Should we as photographers be worried about SOPA (Stop Online Piracy Act) rev. 2013?
In short, yes.
This proposed legislation seeks to make video streaming illegal (in other words shutting down sites like YouTube, Facebook Video and other content streaming providers because a few people persist in putting copyrighted materials such as movies up online). This provides an environment where the independent moviemaker cannot get his movie out unless it is represented by one of the big movie-houses in Hollywood. Consider that a monopolizing and exiling of independent movie-making to the fringes. As we photographers venture into the video process due to the video-features on our cameras, we need to keep this in mind. This means that we will not have sites to get our work out. You won’t be able to put up “how-to” videos on photography to help other photographers out. You won’t have the ability to put slideshows of your work out on a video stream so people can see who you are. Why? Because the options will no longer be there due to being forced to shut down thanks to this legislation.

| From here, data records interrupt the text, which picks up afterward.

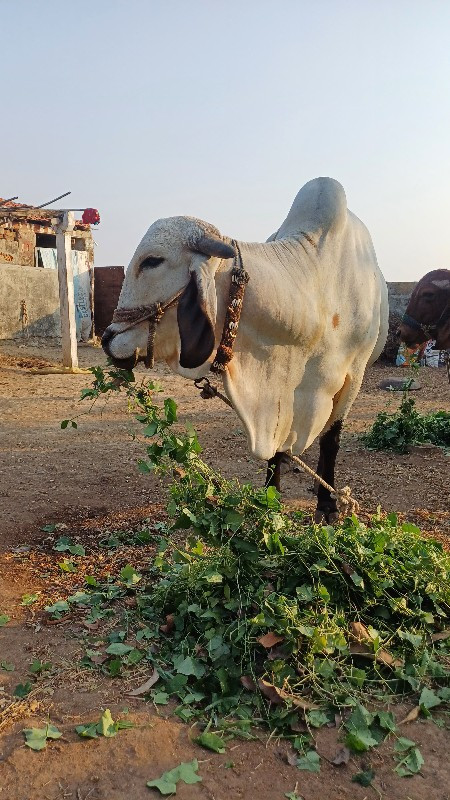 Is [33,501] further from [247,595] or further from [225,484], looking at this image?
[247,595]

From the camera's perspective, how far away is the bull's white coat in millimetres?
2730

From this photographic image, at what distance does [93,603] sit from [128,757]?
3.40ft

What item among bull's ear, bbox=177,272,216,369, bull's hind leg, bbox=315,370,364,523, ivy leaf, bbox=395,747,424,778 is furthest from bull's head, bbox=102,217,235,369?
ivy leaf, bbox=395,747,424,778

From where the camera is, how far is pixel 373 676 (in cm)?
242

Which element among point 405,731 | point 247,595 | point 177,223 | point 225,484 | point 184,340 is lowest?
point 405,731

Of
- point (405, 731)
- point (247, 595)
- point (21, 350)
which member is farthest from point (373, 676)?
point (21, 350)

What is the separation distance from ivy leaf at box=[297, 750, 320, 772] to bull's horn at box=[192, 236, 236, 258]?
1826mm

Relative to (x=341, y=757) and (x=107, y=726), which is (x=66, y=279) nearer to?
(x=107, y=726)

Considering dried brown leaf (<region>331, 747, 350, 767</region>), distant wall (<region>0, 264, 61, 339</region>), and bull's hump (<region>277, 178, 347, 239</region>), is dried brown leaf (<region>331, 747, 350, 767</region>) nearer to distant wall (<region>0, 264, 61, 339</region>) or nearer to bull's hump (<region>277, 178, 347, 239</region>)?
bull's hump (<region>277, 178, 347, 239</region>)

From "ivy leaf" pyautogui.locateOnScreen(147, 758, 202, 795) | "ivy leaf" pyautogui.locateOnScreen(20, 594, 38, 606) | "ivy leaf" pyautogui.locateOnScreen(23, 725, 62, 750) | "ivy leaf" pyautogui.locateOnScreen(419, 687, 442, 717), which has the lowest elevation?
"ivy leaf" pyautogui.locateOnScreen(419, 687, 442, 717)

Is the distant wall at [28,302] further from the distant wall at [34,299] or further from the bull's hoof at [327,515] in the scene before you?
the bull's hoof at [327,515]

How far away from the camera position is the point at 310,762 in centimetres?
201

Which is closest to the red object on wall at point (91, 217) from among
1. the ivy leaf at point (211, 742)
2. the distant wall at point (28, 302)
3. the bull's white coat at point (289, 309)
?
the distant wall at point (28, 302)

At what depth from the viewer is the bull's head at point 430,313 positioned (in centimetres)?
496
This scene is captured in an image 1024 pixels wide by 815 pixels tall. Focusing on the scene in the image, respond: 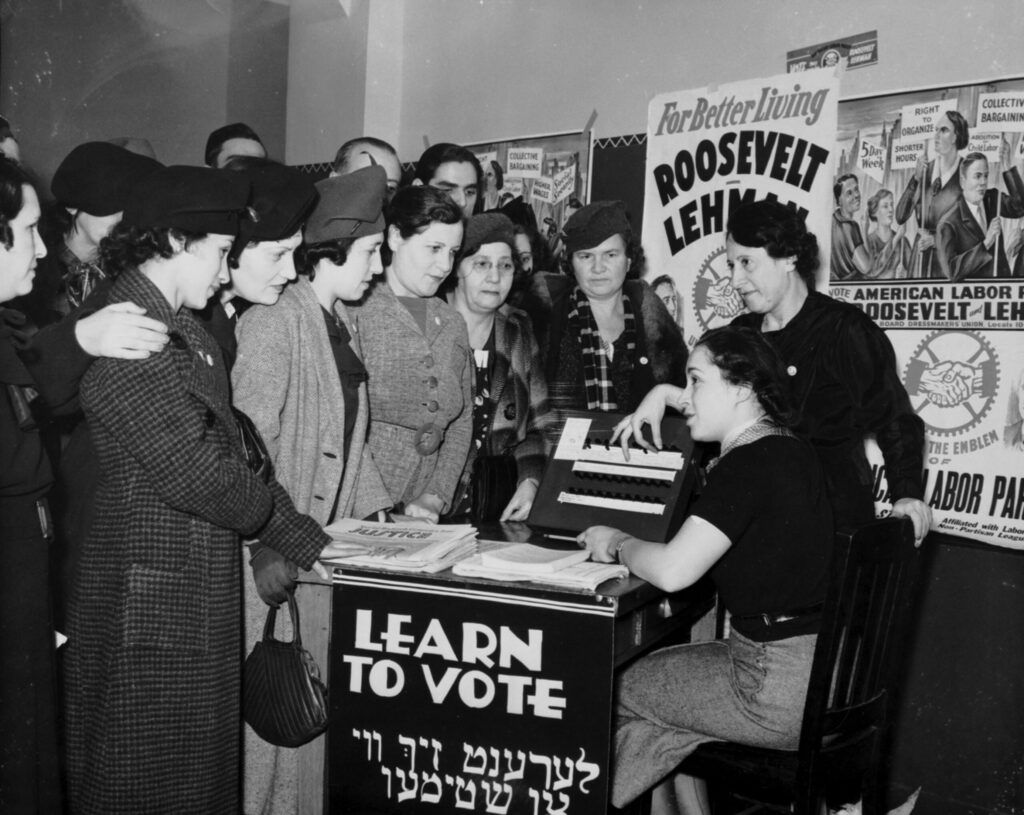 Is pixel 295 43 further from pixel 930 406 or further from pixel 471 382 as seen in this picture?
pixel 930 406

Take the time to read the proposed legislation and it’s far reaching consequences will scare you: Copyright Green Paper Submission
As photographers, we need to worry about SOPA 2013 due to its effects on our industry. There are unscrupulous photographers out there who subsist on making claims that they can’t meet. What’s to stop one of those leech photographers from making a claim to IP shutdown a legitimate photographer stating that the legit photog has swiped one of their photos or complain that a photo of theirs is too similar to one that “leech” took. Considering that one of the ramifications of this is the total shutdown of one’s site until this matter is cleared up or face heavy fines as well as a potential jail sentence, this may put the pro photographer out of business. SOPA just makes it easier for these so-called leeches to take advantage of the shutdown IP section of the Protect IP Act which no doubt will be shovelled in there as well. The average time that it takes for such a copyright violation matter to wind its way through the courts could take up to an year. Does anyone want that kind of hassle and a shut-down of all business related marketing for a full year?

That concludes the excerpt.